(Part one)
Once the soul is purged of those worldly senses, and you feel emptied and hollow, that’s where God’s work truly begins.
As promised, part two of Dark Night of the Soul isn’t a romp through the flowers. It’s not just a sweet night of prayer and worship. It’s pain and torment (states chapter 5). It’s confronting your own sinfulness and the weakness of humanity in the light of God. It’s the inability to even connect with Him, despite understanding just how much it’s needed. But it’s only when the soul is completely emptied of self that God has room to enter in.
The most frustrating part is how the suffering soul is powerless to any of it. There is nothing that we can do, no amount of fervent prayer that will bring us closer to Him. At this point, God is in control. And we don’t even know He’s doing it. God works in secret, shining His light into this emptied soul in such a way that the person doesn’t even notice. But isn’t that how it always works? He is always weaving things without our notice, not until we look back and see where He’s made His mark. But it’s easier to see these things in the physical life. It’s much, much harder to peer into our own souls.

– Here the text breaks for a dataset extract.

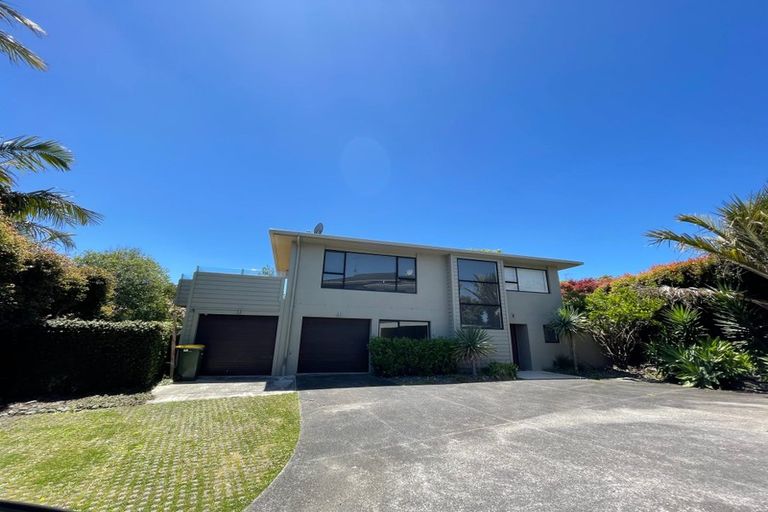 Photo of property in 1/4a Beresford Street, Bayswater, Auckland, 0622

It’s God Himself Who is now working in the soul, and the soul is therefore powerless. Hence it comes that it cannot pray or give much attention to divine things. Neither can it attend to temporal matters, for it falls into frequent distractions, and the memory is so profoundly weakened, that many hours pass by without its knowing what it has done or thought. (Chapter 8)
Don’t I know it.
But what’s the point? Why go through the dark night at all? Why go through the suffering and feelings of abandonment? There’s a reason this is called a purgation. Like Purgatory itself, it’s a cleansing. We must experience the fire of purgation, the emptying of self, to become truly holy. This is when the soul becomes spiritual, disconnected from the things of this world. The soul is stronger in this state of darkness. It means God is its guide, giving it strength and courage. Only when the soul is broken down can it slowly, painfully, experience a regrowth, guided by and yearning for God. We absorb His strength and courage. We certainly have none of that on our own.

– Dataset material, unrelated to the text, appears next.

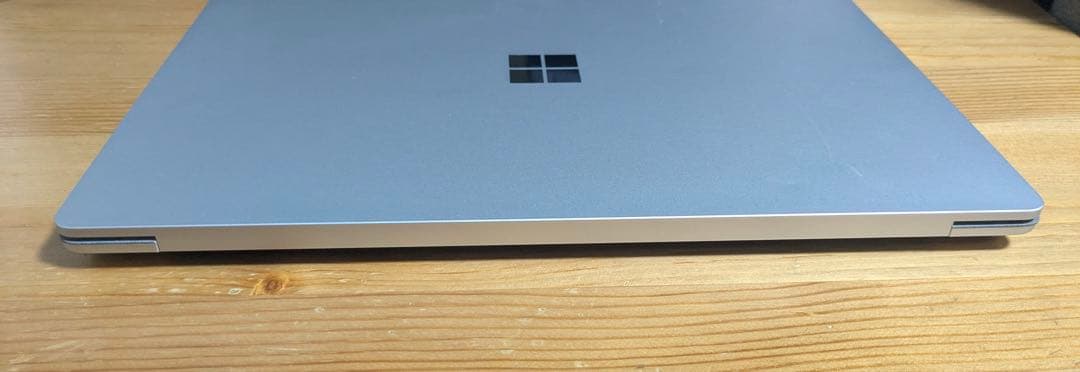 Windowsノート本体 Microsoft surface Laptop 5 256GB 8GB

It seems impossible, honestly. It’s a cleansing of the spirit akin to the fires of Purgatory. How can anyone be purified while still in this life? St. John of the Cross admits that most people don’t. Most of us can only go so far. But he concludes:
love and faith, now burning within [the soul], drawing the heart towards the Beloved, influence and guide it, and make it fly upwards to God along the road of solitude, while it knows neither how nor by what means that is done. (chapter 25)
Allowing God to lead? Living the life we’re truly meant to live? Even if we don’t get there in this life, it’s a promise of what’s to come after.